Biggest winner: Bank of America.
Donald Trump and the big banks appears to be this year’s biggest story of unrequited love.
While Trump has accused Wall Street of trying to ruin the country on the election trail, investors banking on the fact that the next president will be good for nation’s biggest lenders.
Between election night and Monday’s close, the five biggest U.S. banks, which include Bank of America, Citigroup, Goldman Sachs, J.P. Morgan Chase, Wells Fargo, have gained $127.7 billion in market cap, a 15% increase from their aggregate market cap at the market’s close Nov. 8.

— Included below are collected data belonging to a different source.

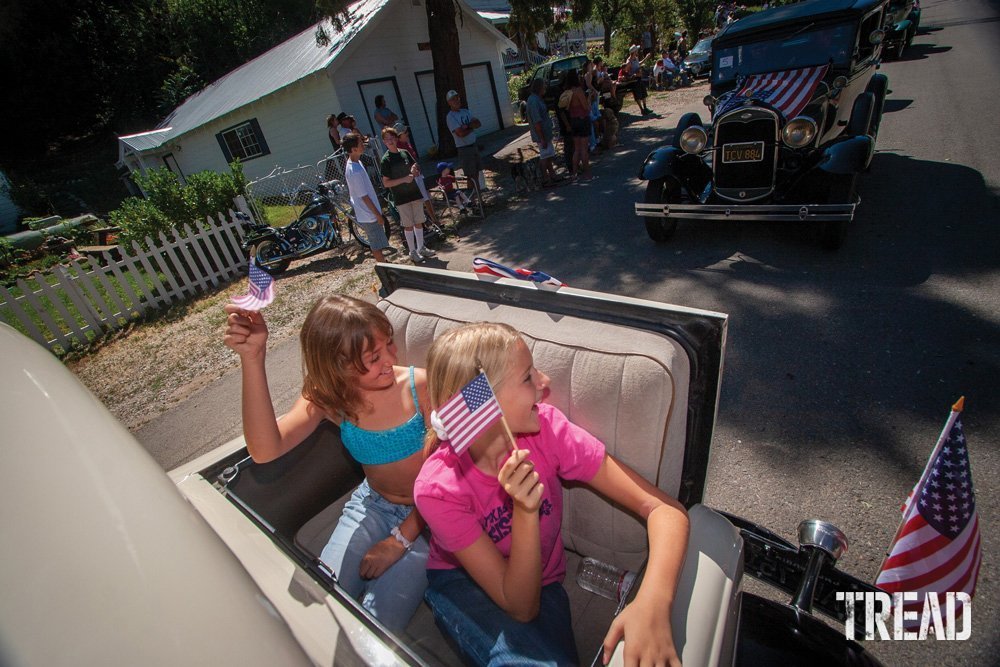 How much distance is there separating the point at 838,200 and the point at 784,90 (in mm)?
2477

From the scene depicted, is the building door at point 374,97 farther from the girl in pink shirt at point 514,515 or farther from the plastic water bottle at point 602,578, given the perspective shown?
the plastic water bottle at point 602,578

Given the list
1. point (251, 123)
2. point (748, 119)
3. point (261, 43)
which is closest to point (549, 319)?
point (748, 119)

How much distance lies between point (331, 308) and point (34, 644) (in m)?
1.30

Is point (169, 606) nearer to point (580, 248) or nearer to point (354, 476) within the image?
point (354, 476)

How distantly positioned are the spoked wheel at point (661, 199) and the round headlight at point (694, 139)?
45cm

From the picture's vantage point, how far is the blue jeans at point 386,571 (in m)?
1.68

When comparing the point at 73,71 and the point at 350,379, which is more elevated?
the point at 73,71

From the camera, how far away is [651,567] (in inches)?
49.1

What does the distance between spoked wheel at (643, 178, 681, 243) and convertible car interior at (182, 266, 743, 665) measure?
4.10m

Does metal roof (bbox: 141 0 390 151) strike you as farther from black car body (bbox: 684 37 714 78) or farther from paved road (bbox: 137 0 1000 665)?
black car body (bbox: 684 37 714 78)

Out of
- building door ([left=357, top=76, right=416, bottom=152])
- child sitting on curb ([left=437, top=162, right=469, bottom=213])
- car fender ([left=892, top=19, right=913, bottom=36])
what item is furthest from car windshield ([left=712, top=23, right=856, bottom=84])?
car fender ([left=892, top=19, right=913, bottom=36])

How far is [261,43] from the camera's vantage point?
33.0 metres

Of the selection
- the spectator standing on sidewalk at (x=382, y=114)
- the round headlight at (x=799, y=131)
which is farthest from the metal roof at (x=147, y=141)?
the round headlight at (x=799, y=131)

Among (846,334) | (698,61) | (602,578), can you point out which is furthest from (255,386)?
(698,61) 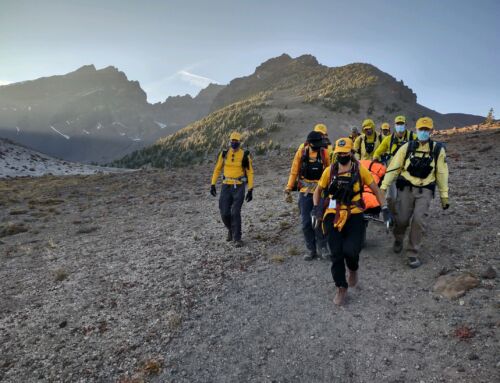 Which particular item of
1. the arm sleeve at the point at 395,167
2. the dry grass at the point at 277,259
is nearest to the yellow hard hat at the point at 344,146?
the arm sleeve at the point at 395,167

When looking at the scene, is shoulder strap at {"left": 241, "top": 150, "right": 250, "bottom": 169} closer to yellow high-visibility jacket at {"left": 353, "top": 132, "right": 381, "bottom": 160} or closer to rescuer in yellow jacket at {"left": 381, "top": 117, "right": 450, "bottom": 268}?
yellow high-visibility jacket at {"left": 353, "top": 132, "right": 381, "bottom": 160}

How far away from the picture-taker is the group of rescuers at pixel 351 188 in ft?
18.9

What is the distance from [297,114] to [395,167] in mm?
42790

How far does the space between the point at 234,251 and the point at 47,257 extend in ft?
19.9

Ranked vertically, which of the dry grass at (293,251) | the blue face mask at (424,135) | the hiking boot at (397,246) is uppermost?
the blue face mask at (424,135)

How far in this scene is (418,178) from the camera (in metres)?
6.83

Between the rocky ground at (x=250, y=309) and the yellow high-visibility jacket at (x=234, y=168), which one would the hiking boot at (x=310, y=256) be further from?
the yellow high-visibility jacket at (x=234, y=168)

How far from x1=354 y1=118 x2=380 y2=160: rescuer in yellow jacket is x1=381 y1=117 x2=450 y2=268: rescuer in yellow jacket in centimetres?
306

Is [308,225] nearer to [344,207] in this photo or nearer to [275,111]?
[344,207]

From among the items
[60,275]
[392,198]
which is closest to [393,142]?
[392,198]

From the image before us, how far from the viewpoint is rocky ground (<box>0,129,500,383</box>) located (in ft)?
16.5

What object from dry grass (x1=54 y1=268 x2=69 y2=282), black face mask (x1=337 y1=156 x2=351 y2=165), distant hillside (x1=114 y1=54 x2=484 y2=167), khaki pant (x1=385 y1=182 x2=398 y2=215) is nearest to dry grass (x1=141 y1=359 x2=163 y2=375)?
black face mask (x1=337 y1=156 x2=351 y2=165)

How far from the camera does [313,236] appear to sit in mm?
8125

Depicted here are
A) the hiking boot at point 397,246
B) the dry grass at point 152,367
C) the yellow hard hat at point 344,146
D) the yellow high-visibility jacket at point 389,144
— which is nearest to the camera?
the dry grass at point 152,367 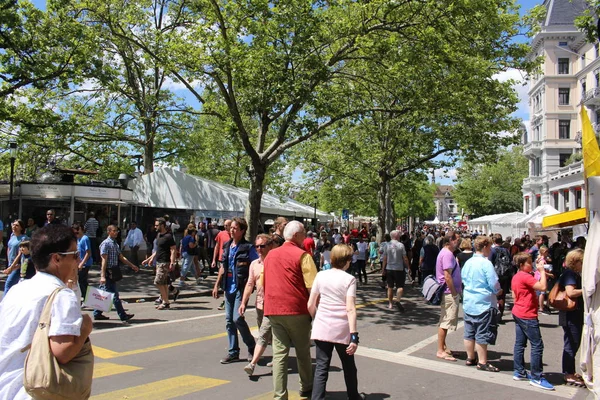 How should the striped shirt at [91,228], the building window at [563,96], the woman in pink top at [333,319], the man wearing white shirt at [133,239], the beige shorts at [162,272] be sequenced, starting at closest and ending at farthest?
the woman in pink top at [333,319], the beige shorts at [162,272], the striped shirt at [91,228], the man wearing white shirt at [133,239], the building window at [563,96]

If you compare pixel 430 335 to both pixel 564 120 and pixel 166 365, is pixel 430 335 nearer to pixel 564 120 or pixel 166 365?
pixel 166 365

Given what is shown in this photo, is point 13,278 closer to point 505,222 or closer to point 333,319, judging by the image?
point 333,319

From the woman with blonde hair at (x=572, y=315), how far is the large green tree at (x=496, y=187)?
2573 inches

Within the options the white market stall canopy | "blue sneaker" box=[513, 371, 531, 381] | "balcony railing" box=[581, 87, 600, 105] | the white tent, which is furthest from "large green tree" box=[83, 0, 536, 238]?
"balcony railing" box=[581, 87, 600, 105]

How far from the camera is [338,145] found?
26.5 m

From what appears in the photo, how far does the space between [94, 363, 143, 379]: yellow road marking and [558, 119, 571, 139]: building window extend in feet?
168

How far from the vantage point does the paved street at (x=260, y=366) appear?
5.75 metres

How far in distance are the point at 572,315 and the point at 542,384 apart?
945mm

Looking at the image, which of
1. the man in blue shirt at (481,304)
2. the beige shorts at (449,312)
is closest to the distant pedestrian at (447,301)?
the beige shorts at (449,312)

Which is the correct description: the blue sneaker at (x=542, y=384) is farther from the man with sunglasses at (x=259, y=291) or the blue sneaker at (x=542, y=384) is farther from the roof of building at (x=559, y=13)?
the roof of building at (x=559, y=13)

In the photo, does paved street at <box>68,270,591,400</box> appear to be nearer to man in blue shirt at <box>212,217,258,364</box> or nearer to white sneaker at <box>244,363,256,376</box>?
white sneaker at <box>244,363,256,376</box>

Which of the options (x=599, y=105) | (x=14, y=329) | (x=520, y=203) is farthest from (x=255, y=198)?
(x=520, y=203)

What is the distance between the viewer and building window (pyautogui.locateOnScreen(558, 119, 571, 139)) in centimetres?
4909

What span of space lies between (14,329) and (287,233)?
125 inches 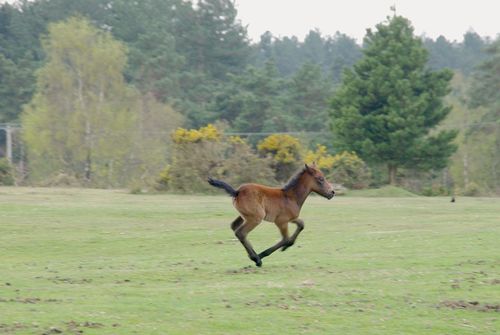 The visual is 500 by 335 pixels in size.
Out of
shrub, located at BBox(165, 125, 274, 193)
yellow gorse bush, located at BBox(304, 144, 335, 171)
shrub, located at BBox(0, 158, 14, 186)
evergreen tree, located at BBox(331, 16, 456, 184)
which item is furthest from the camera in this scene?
evergreen tree, located at BBox(331, 16, 456, 184)

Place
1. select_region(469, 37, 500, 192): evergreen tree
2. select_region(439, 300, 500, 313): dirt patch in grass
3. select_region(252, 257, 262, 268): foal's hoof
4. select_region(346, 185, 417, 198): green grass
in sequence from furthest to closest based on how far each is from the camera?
select_region(469, 37, 500, 192): evergreen tree < select_region(346, 185, 417, 198): green grass < select_region(252, 257, 262, 268): foal's hoof < select_region(439, 300, 500, 313): dirt patch in grass

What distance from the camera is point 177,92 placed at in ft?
257

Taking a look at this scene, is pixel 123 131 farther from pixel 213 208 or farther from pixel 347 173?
pixel 213 208

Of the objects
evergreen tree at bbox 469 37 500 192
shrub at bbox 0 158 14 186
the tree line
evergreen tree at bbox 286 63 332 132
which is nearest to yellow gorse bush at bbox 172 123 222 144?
the tree line

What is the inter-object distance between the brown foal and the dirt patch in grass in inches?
165

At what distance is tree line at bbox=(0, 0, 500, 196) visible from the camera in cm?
5069

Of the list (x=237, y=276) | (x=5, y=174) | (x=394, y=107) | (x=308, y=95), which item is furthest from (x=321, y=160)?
(x=237, y=276)

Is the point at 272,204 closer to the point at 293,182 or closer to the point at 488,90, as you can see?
the point at 293,182

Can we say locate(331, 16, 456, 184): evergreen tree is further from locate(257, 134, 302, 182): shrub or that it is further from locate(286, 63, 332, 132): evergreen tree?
locate(286, 63, 332, 132): evergreen tree

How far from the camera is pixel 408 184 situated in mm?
51875

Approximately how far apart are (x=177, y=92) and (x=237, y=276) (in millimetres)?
63882

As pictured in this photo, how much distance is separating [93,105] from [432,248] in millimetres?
47245

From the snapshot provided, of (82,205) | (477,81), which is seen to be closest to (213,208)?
(82,205)

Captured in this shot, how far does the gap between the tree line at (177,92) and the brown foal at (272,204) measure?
101 feet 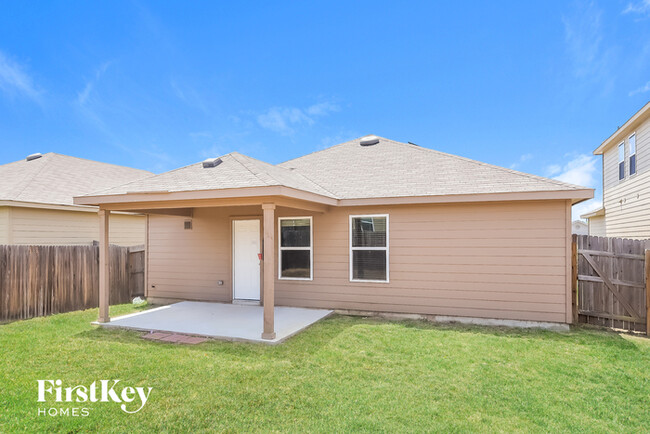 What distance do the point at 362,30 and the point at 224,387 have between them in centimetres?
1130

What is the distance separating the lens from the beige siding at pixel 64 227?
9.17 metres

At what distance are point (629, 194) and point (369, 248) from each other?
1136 cm

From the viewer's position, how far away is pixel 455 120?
49.9ft

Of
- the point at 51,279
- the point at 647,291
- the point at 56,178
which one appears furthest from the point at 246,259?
the point at 56,178

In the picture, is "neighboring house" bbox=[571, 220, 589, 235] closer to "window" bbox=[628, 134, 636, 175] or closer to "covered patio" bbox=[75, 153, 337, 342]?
"window" bbox=[628, 134, 636, 175]

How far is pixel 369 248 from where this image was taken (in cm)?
709

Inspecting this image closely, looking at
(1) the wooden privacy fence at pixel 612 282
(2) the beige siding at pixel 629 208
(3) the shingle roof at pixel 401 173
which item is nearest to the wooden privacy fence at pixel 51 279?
(3) the shingle roof at pixel 401 173

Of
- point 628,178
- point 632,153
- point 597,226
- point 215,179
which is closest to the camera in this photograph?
point 215,179

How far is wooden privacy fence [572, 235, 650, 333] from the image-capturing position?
5.98 m

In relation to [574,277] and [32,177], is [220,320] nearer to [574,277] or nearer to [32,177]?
[574,277]

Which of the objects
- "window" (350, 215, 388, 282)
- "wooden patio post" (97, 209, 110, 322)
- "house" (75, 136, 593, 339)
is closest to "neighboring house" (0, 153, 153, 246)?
"house" (75, 136, 593, 339)

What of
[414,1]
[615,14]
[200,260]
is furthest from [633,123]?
[200,260]

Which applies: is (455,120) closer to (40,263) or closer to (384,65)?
(384,65)

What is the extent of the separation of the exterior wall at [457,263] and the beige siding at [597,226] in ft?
43.5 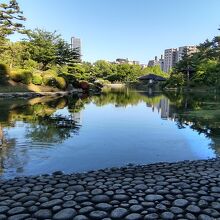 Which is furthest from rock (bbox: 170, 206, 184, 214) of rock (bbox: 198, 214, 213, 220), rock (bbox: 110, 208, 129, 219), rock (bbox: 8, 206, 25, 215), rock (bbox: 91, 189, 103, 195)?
rock (bbox: 8, 206, 25, 215)

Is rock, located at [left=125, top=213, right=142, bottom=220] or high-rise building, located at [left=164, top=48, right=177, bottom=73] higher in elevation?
high-rise building, located at [left=164, top=48, right=177, bottom=73]

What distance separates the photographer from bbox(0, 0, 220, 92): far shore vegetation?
27.3 m

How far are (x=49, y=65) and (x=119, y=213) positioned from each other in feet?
118

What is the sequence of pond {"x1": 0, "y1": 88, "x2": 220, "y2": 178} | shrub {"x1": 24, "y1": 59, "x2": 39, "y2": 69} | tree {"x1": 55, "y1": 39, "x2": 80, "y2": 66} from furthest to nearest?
tree {"x1": 55, "y1": 39, "x2": 80, "y2": 66}, shrub {"x1": 24, "y1": 59, "x2": 39, "y2": 69}, pond {"x1": 0, "y1": 88, "x2": 220, "y2": 178}

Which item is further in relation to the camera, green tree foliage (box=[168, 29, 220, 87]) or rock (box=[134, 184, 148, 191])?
green tree foliage (box=[168, 29, 220, 87])

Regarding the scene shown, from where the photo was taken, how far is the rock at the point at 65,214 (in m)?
Result: 3.62

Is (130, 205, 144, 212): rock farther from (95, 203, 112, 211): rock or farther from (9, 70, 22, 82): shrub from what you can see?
(9, 70, 22, 82): shrub

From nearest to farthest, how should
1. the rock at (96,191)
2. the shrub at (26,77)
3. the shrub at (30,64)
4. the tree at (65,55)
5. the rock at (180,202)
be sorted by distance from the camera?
the rock at (180,202) → the rock at (96,191) → the shrub at (26,77) → the shrub at (30,64) → the tree at (65,55)

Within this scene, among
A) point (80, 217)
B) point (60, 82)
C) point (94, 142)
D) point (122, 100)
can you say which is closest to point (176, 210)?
point (80, 217)

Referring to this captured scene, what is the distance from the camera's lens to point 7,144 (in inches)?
339

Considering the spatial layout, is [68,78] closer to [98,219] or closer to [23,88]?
[23,88]

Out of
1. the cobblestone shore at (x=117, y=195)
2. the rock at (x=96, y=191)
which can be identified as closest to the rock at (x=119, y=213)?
the cobblestone shore at (x=117, y=195)

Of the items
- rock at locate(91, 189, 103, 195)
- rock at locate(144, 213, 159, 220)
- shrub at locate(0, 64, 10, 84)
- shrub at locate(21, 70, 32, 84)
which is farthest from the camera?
shrub at locate(21, 70, 32, 84)

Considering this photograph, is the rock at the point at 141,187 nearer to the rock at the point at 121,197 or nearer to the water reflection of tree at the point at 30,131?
the rock at the point at 121,197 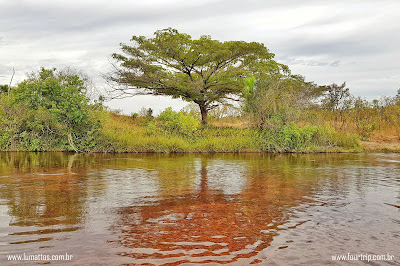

The banks’ Trump gain is roughly equivalent to GDP of Ethiopia and Kenya combined. It’s also nearly equal to the market cap of Pepsi, the 119-year old snack and beverage company that’s CEO last week said that Trump’s presidential win has left her female employees asking if they are safe.
All told, the nation’s five largest banks are now worth nearly $1 trillion, which is slightly less than the GDP of Mexico, the world’s 15th largest economy.
The big banks’ gains moderated slightly when the market opened on Tuesday as the Trump rally began to fade, nonetheless by mid-day most of the big banks were only down slightly, and Goldman Sachs, that’s CEO last week tried to mend ties with Trump, was up slightly. The biggest winner was Bank of America, which is up 18% since election, or a market cap of $31 billion.
And its not just the five biggest U.S. banks that enjoyed the bump. A wider tracker of the financial industry, the Financial Select Sector SPDR Fund has gained some 10% since Nov. 8.
Investors are expecting Trump to be friendlier to banks than President Barack Obama’s administration. Trump has proposed policies to dismantle Dodd-Frank, a move that would ease the regulatory burden and associated expenses for banks. But even if that’s wishful thinking, bank investors may still have reason to cheer. Trump’s plans to increase fiscal spending has boosted bond yields—a change that would support higher revenue for banks currently languishing in a low-interest rate environment.
Already, the bond yield curve, which measures the difference between short-term interest rates and long one, has been rising. And that alone is really good news for banks.